The Kelly criterion advises a stake size according to the following formula:
K = EV / odds -1
For example, if your EV was 5% (or 0.05) and your betting odds were 3.00, then the Kelly stake size would be 0.05 / 2.00 = 0.025 or 2.5%. Here, if I started with a bankroll of 100 units, this would imply a 2.5-unit stake.
For my 55,237 bets, the total Kelly stakes would have been 84,671 units. To ensure I am comparing the profitability from Kelly stakes to the performance from flat stakes before, I must standardise my Kelly stakes so that the total comes to 55,237 units. To do this, I divide each Kelly stake by the ratio 55,237/84,671. You wouldn’t necessarily need to bother with this if you were betting in real time, this is purely for comparative purposes.
The performance to Kelly staking is shown below. Now the expected yield is 3.56% whilst the actual yield was 4.03%; a sight over-performance but again not a sign that there is anything wrong with the model.

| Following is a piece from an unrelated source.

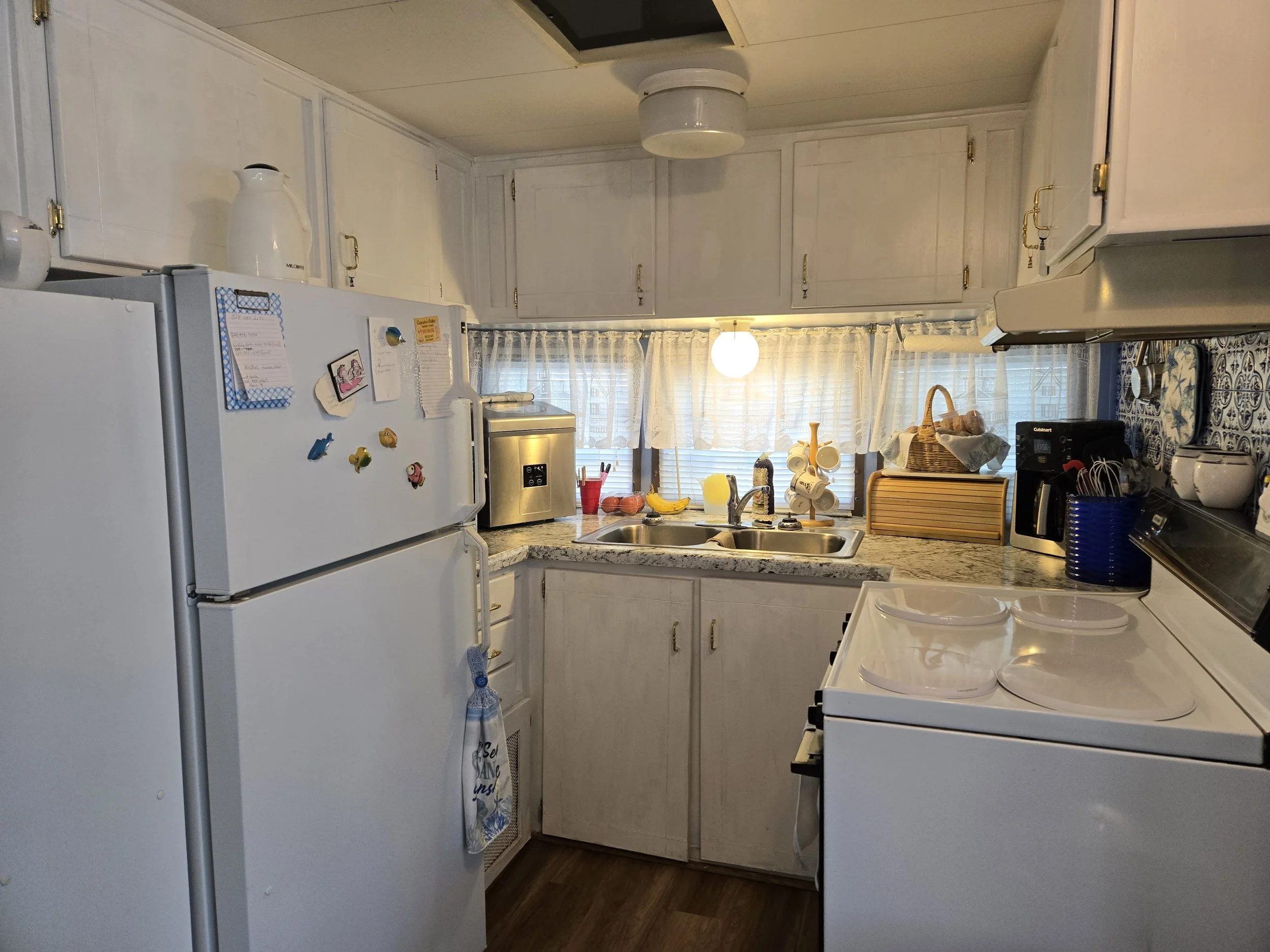 A small kitchen with white cabinets, a white refrigerator with magnets, a granite countertop, a double sink, a coffee machine, and various kitchen items. There is a window with sheer curtains above the sink, and a ceiling light.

By using Kelly staking, we are placing more stake weight on bets with bigger EV, risk adjusting for the length of the odds. The fact that it does much better than flat staking is a further justification that the model is doing exactly what it is supposed to be doing. We are risking more money on bigger EV bets and are being rewarded for that.
The major downside to this betting system is that it only really works at bookmakers less efficient than Pinnacle. There is a reason they are less efficient: they choose to be so. Firstly, because they prefer to spend more of their revenue on advertising, marketing, bonuses and being best in market for some matches to attract new customers, and less than Pinnacle does on data analysis and setting odds. Secondly, because they can restrict or close the accounts of any customers then find to be abusing the generosity that makes this betting system possible.
Nevertheless, even small stakes of say an average of $10 would have returned a profit since July 2012 of over $20,000. Not enough to form a professional income, but certainly enough to have a decent annual vacation. And at these stakes there would be a much better chance of staying under the radar of bookmakers looking to restrict winning customers, especially If that were spread across a number of different bookmakers.
The Wisdom of the Crowd betting system is a proven winner. It’s been delivering profits for people who follow me in real time since I went live with it in August 2015. And it has a tested reliability going back many years more. Have fun using it.